══ INFORMATION SHOWN ══
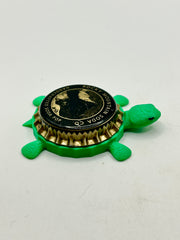 Rocky Mountain Soda (Black Trim) - Bottle Cap Magnet Turtle Shell Shocked Art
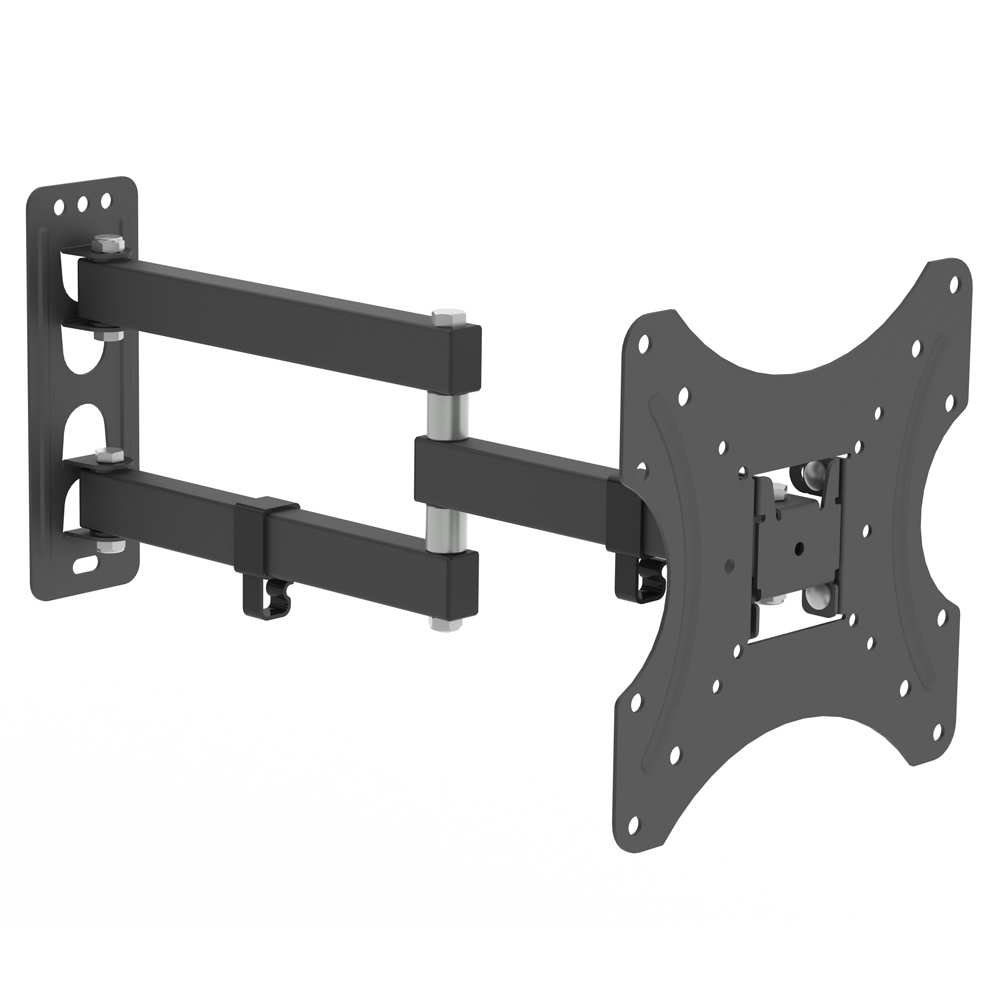 LEADZM 26-55" Adjustable Wall Mount Bracket Rotatable TV Stand TMX200 with Spirit Level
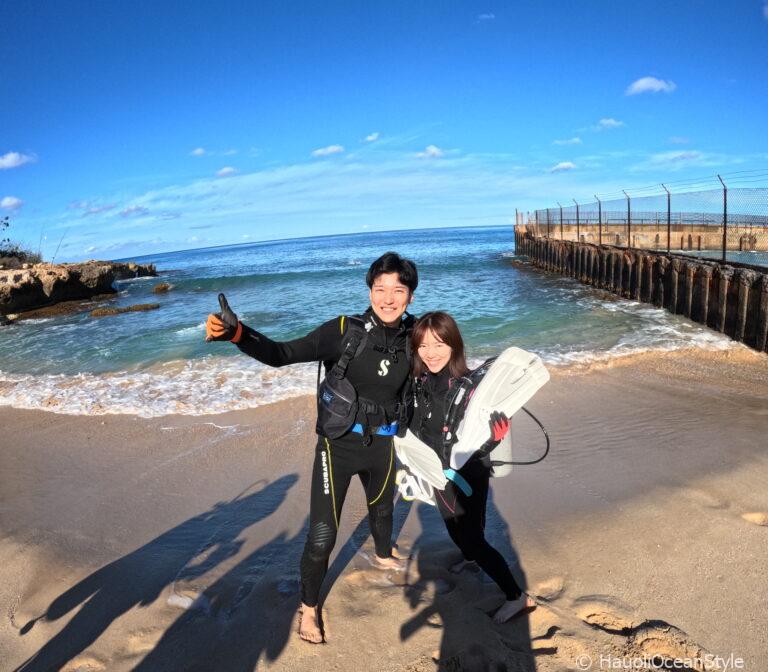 Read more about the article 透明度バツグンの西オアフで体験ダイビング!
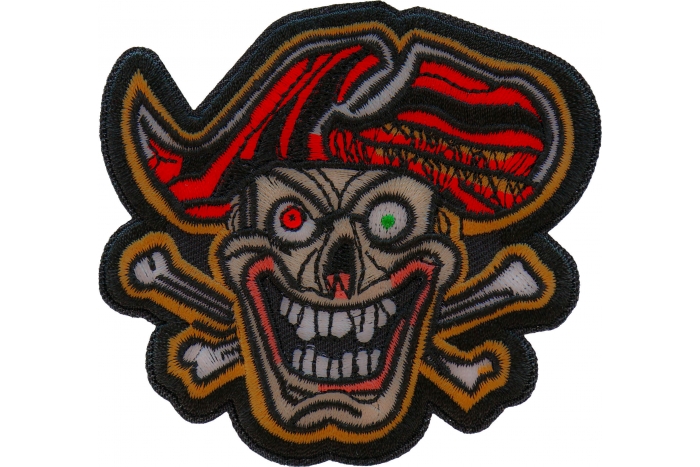 Deranged Jolly Roger Pirate Patch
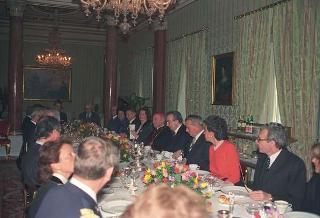 Colazione per il congedo del Capo del cerimoniale diplomatico della Repubblica Emanuele Scammacca del Murgo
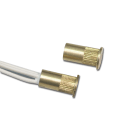 STS ELETTRONICA - CONTATTO MAGNETICO DA INCASSO IN OTTONE.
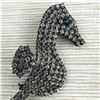 Image 2 : COSTUME JEWELRY SEAHORSE FISH BROOCH PIN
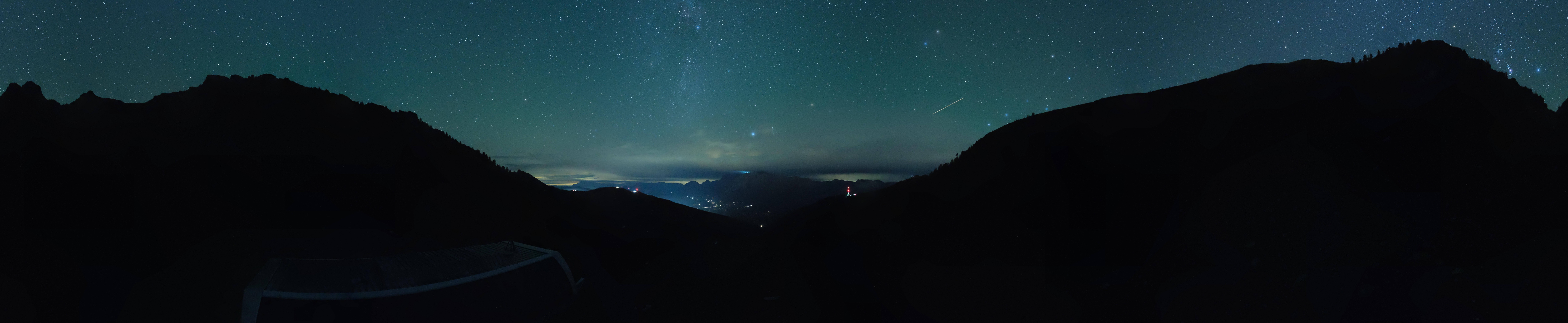 Archived image Webcam Hauser Kaibling, Styria - View towards Schladminger Tauern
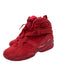 Air Jordan Shoe Size 7 Red Leather Suede Lace Up Velcro Strap High Top Sneakers Red / 7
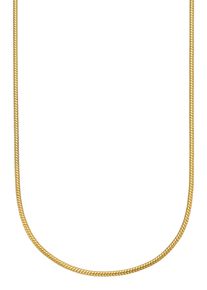 Edelstahlkette Firetti "Schmuck Geschenk Schlangenkette, 1,5 mm breit" Gr. 80, gold (gelbgoldfarben), Halsketten, Damen, 80, Edelstahl, B: 1,5mm, Edelstahlkette, Made in Germany, B:1,5mm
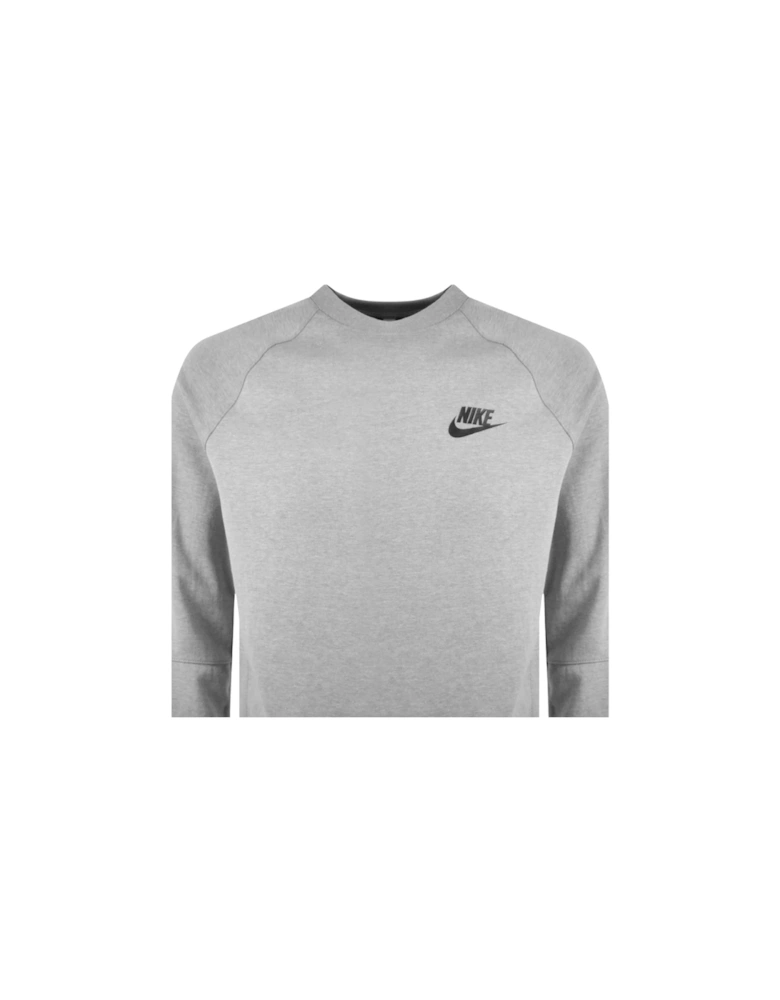 Side Pockets Grey Sweatshirt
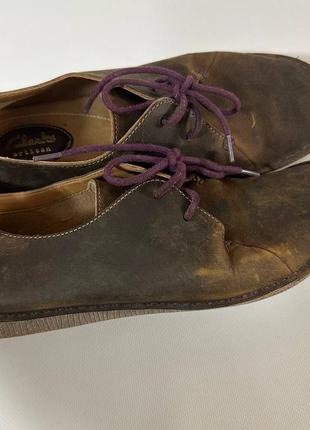 Кожаные туфли балетки clarks 38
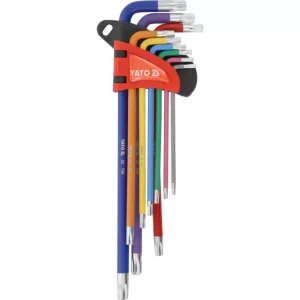 Árengedmény YATO Torx kulcskészlet T10–T50, 9 DB (YT-05636)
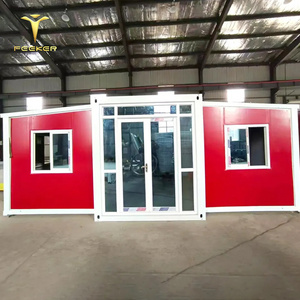 Light Steel Villa Expandable House Homes Convenient For Transportation Flat Pack Container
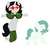 Size: 1400x1400 | Tagged: safe, artist:rosebush, oc, oc only, oc:emerald jewel, oc:joyride, pony, colt quest, asserting dominance, colt, fear, femboy, floating, foal, male, running, screaming, t pose, trap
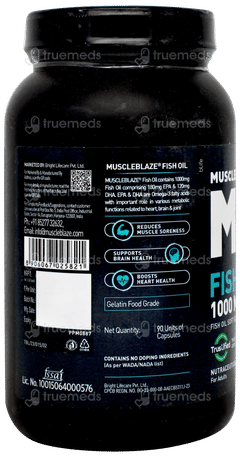 Muscleblaze Mb Fish Oil 1000mg Capsule 90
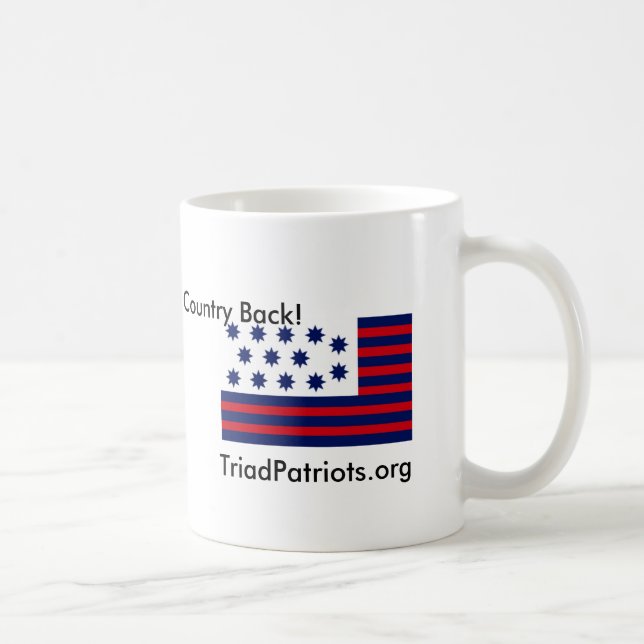 Dreiergruppen-Patriot-Kaffee-Tasse Tasse (Rechts)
═══
Output nothing except the lines from the one containing "Image 2 : COSTUME" through the final line of the entries, repeated exactly and free of pictures.

## WRITTEN ANSWER
 Image 2 : COSTUME JEWELRY SEAHORSE FISH BROOCH PIN
 Archived image Webcam Hauser Kaibling, Styria - View towards Schladminger Tauern
 Air Jordan Shoe Size 7 Red Leather Suede Lace Up Velcro Strap High Top Sneakers Red / 7
 Edelstahlkette Firetti "Schmuck Geschenk Schlangenkette, 1,5 mm breit" Gr. 80, gold (gelbgoldfarben), Halsketten, Damen, 80, Edelstahl, B: 1,5mm, Edelstahlkette, Made in Germany, B:1,5mm
 Side Pockets Grey Sweatshirt
 Кожаные туфли балетки clarks 38
 Árengedmény YATO Torx kulcskészlet T10–T50, 9 DB (YT-05636)
 Light Steel Villa Expandable House Homes Convenient For Transportation Flat Pack Container
 Size: 1400x1400 | Tagged: safe, artist:rosebush, oc, oc only, oc:emerald jewel, oc:joyride, pony, colt quest, asserting dominance, colt, fear, femboy, floating, foal, male, running, screaming, t pose, trap
 Muscleblaze Mb Fish Oil 1000mg Capsule 90
 Dreiergruppen-Patriot-Kaffee-Tasse Tasse (Rechts)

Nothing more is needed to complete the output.